■ **Task item**
Output the listing exactly as written, apart from its pictures.

■ **Source material**
####

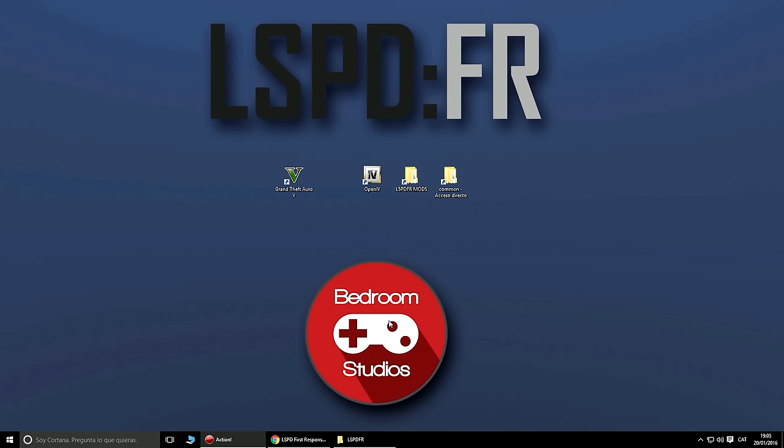Bienvenidos. Antes que nada deciros que este mod no funciona en juegos pirata, así que si tenéis un juego pirata esto no os va a servir. Este mod lo han hecho para que no funcione con juegos pirata.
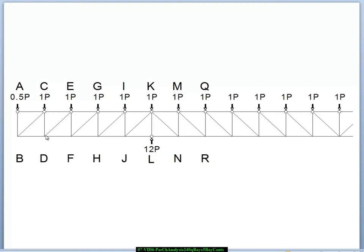For example, all these vertical members, which are the short members, are working in compression, and the diagonals, which are the long members, are working in tension when we configure the truss in this way.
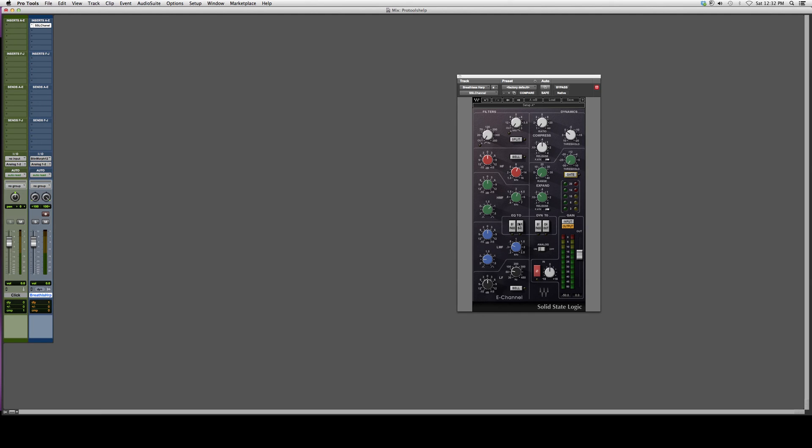not really doing anything with it. You can bypass the EQ or you can bypass the compressor. It's a really cool plugin. I actually really suggest you guys try this one out because it's really good. I think it'll get the job done for you. I just wanted to show you how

####

■ **Answer to this exercise**
Bienvenidos. Antes que nada deciros que este mod no funciona en juegos pirata, así que si tenéis un juego pirata esto no os va a servir. Este mod lo han hecho para que no funcione con juegos pirata.
For example, all these vertical members, which are the short members, are working in compression, and the diagonals, which are the long members, are working in tension when we configure the truss in this way.
not really doing anything with it. You can bypass the EQ or you can bypass the compressor. It's a really cool plugin. I actually really suggest you guys try this one out because it's really good. I think it'll get the job done for you. I just wanted to show you how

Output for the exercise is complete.